But making this banana bread in a healthy way doesn’t make it any less easy to make. Just mash some bananas, mix in some eggs and few more ingredients, and bake!
It takes just a few minutes to prep the batter for the oven. Set the timer, walk away, and when the timer beeps, you’ll have a beautiful loaf of banana bread.
So beautiful, in fact, that this bread would make the perfect gift or contribution to a potluck or party. Or you can make it for an after-school snack for the kids.
Even non-Paleo eaters won’t guess that this soft, fluffy, sweet bread is free of grains. Serve with some soft butter or some fruit-sweetened jam for an extra-yummy snack.
The leftovers are wonderful chilled or made into a Paleo version of french toast.

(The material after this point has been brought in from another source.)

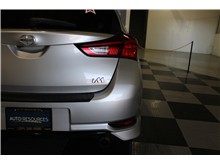 Vehicle Thumb #9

So use up those ripe bananas and make a loaf of Paleo banana bread – you’ll be glad you did!
Coconut Flour Banana Bread Prep Time:10 minutes
Cook Time: 45 minutes
Yield:1 loaf (8-10 slices)
- 3 bananas
- 4 eggs
- 1/4 cup honey
- 1/3 cup coconut oil, melted
- 1/3 cup coconut flour
- 3 T arrowroot starch
- 1 T cinnamon
- 1/2 t baking soda
- 1/4 t salt
1. Preheat oven to 350°F.
2. Grease a 7.5” by 3.5” loaf pan with a bit of coconut oil.
3. In a large mixing bowl, mash the bananas and mix in the eggs, honey, and coconut oil.
4. Add the coconut flour, arrowroot, cinnamon, baking soda, and salt, and mix well.
5. Transfer to prepared loaf pan.
6. Bake for 45-50 minutes, or until a toothpick inserted near the center of the loaf comes out clean.
7. Let cool a bit, then remove from pan. Either let cool all the way and serve room temperature or chilled, or slice and serve warm.